* [What the task asks] In the entries that follow, find the line containing "Aluminium-Sichtschutzzaun in Kassel" and the line containing "T-shirt Dachshund Portrait", then copy exactly everything from the first through the second except the pictures.

*** Opening of Records shown ***

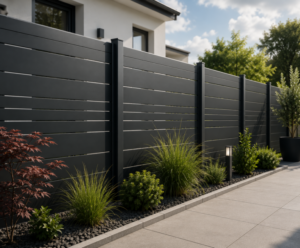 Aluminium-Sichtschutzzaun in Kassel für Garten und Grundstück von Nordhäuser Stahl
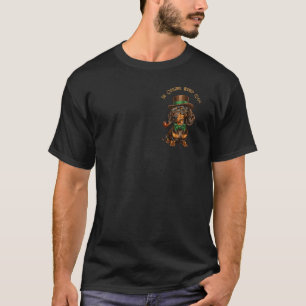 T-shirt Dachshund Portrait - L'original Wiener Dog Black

*** Close of Records shown ***
*** Opening of Records shown ***

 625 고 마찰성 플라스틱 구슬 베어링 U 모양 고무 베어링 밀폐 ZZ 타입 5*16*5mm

*** Close of Records shown ***

* [Your solution]
 Aluminium-Sichtschutzzaun in Kassel für Garten und Grundstück von Nordhäuser Stahl
 T-shirt Dachshund Portrait - L'original Wiener Dog Black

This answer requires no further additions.